This 2003 Sundance prizewinner is a film that leaves you deeply disturbed. After you see it, you may find yourself giving wide berth to groups of teenage boys, because the pack of townies in Mudge is terribly realistic—and just plain old terrible. The Mudge boy, 14-year-old Duncan (Emile Hirsch from The Girl Next Door), is a gentle and slightly bizarre only child who is often the target of the rural Vermont teens' ridicule and cruelty. Anyone who's been through junior high school will cringe on his behalf.

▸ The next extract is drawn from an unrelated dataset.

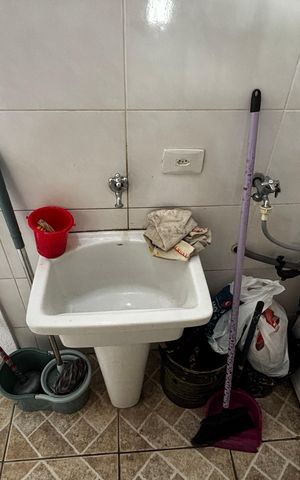 Apartamento para alugar com 104m², 2 quartos e 1 vagaCobertura - Area de Serviço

The bullies only compound Duncan's other problems. His mother died very suddenly, and we can tell how close they were—and how troubled he really is—when Duncan mimics her voice at the breakfast table and wears her fur coat to bed. He's also got a thing for her pet chicken. Duncan's father, played with perfect restraint by Richard Jenkins, is a man of few words and very little patience for his son's vaguely effeminate behavior. He unwittingly contributes to his son's persecution by encouraging his friendship with Perry, the worst of the townies, who's pretty damn troubled himself.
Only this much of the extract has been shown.